Political leaders and entertainers around the world are clamoring for film director Roman Polanski to be freed. Polanski, a resident of France, was en route to the Zurich Film Festival on Saturday when Swiss authorities arrested him on a California court warrant.
Polanski fled the United States in 1977 after pleading guilty to unlawful sexual intercourse with a minor. American investigators say Polanski slipped a13-year-old model a hypnotic sedative, gave her champagne, then engaged in various sex acts with her.
His defenders, including 138 in the film industry who signed a petition against the arrest, are proclaiming that Polanski is a victim, that efforts to extradite him would “take away his freedom.” The signatories, including Woody Allen and Martin Scorsese, expressed “dismay” that Polanski would be detained at a film festival in a “neutral” country. The petition demands the “immediate release” of “a renowned and international artist.”

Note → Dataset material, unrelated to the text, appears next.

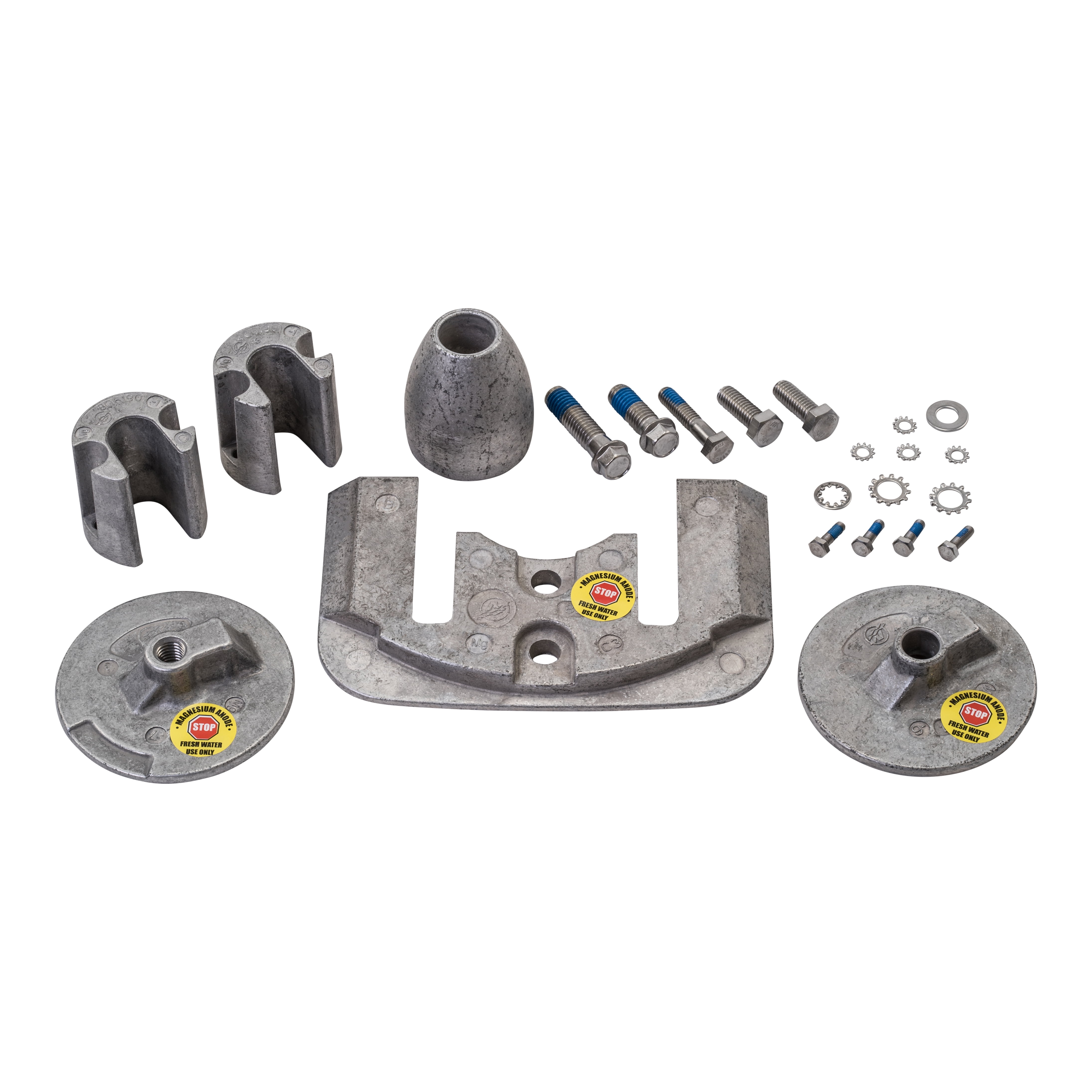Mercruiser Bravo II III 2 3 Magnesium Fresh Water Anode KIT New Dealer Direct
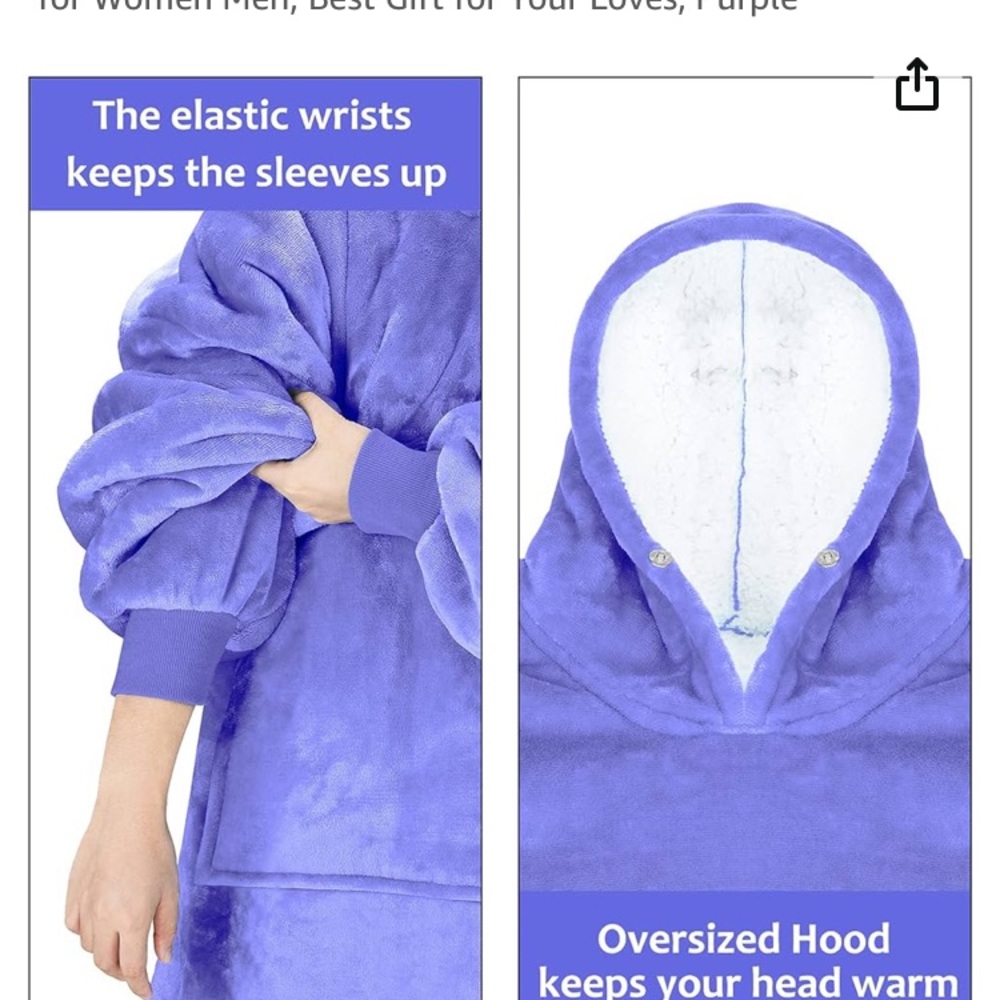 NWT Comfy Cozy Giant Sweatshirt - Picture 4 of 5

I won’t deny that Polanski is a gifted director. I particularly enjoyed his 1980 movie Tess, for which he received an Academy Award nomination, and his 2002 work The Pianist, for which he won the Oscar. The latter alludes to Polanski’s personal trauma in surviving the Holocaust (his mother died in a Nazi concentration camp). Polanski also experienced excruciating grief when Charles Manson’s gang murdered his eight-months-pregnant wife Sharon Tate in 1969.
Beyond arguments that he is a fine filmmaker who has suffered, some defenders contend that Polanski should be forgiven for the crime because of his age (76), it happened 32 years ago and his victim wants to forget the whole ordeal.
But these excuses all miss the point. Polanski committed a horrific crime, confessed and fled. To allow him — or anyone less famous — to walk away free sends a message that sexually abusing young teenage girls is no big deal. That’s a message that is wrong, whether it’s 1977 or 2009.